» **WHAT YOU ARE ASKED TO DO**:
Exact copies of the lines below, from the one with "arra grey bar stool showing pair angled view" up to and including the one with "Camicia collo button", are what this calls for; leave out pictures.

» **TASK DATA**:
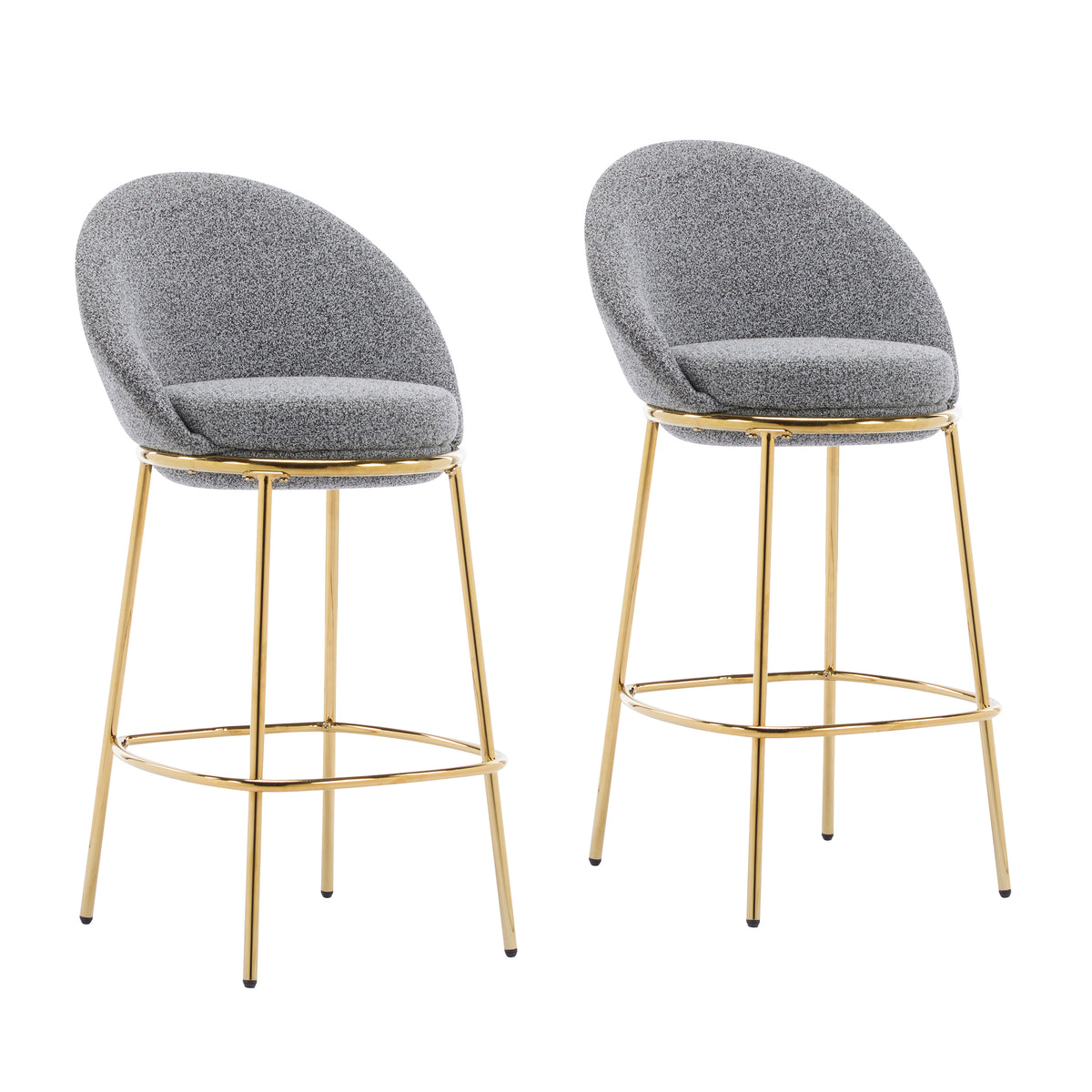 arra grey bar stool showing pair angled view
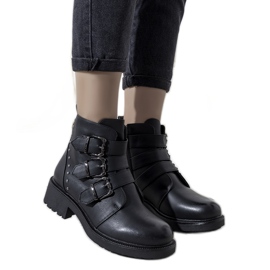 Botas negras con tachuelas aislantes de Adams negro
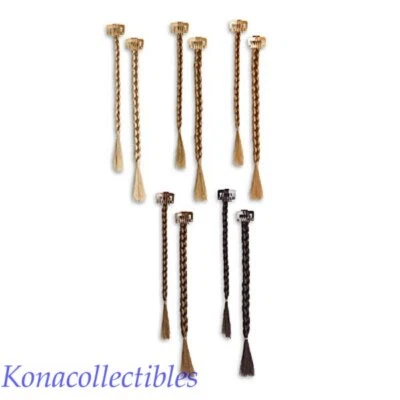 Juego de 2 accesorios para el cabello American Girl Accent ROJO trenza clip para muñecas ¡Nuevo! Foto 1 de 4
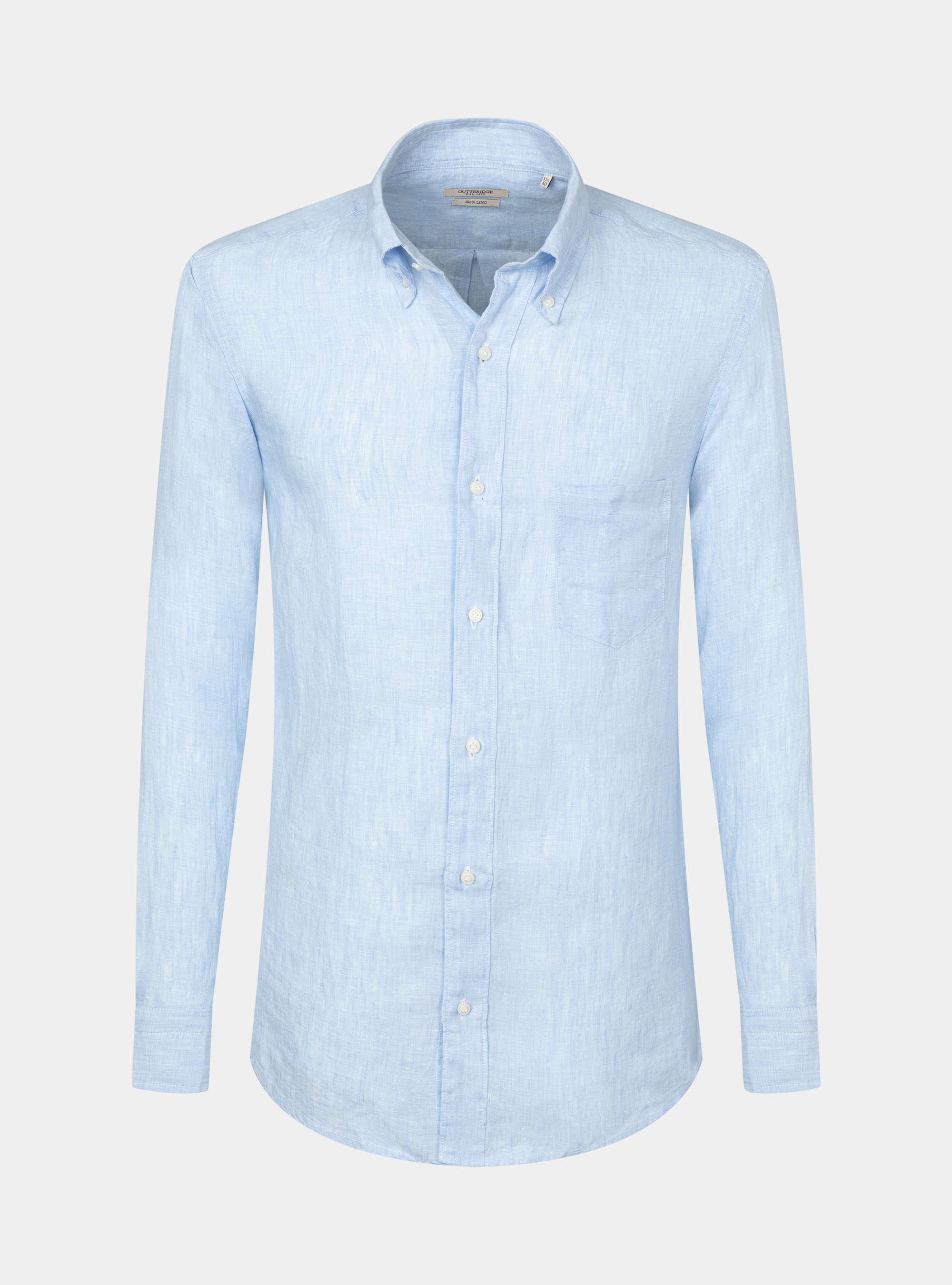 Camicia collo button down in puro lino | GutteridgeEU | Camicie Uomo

---

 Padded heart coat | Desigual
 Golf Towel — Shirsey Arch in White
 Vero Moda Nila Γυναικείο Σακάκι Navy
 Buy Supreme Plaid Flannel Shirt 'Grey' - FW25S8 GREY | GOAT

---

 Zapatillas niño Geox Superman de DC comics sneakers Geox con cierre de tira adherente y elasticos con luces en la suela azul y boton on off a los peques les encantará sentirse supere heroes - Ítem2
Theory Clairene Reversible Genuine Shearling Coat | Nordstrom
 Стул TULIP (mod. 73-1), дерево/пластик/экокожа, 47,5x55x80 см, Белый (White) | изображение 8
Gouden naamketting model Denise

» **EXERCISE OUTPUT**:
 arra grey bar stool showing pair angled view
 Botas negras con tachuelas aislantes de Adams negro
 Juego de 2 accesorios para el cabello American Girl Accent ROJO trenza clip para muñecas ¡Nuevo! Foto 1 de 4
 Camicia collo button down in puro lino | GutteridgeEU | Camicie Uomo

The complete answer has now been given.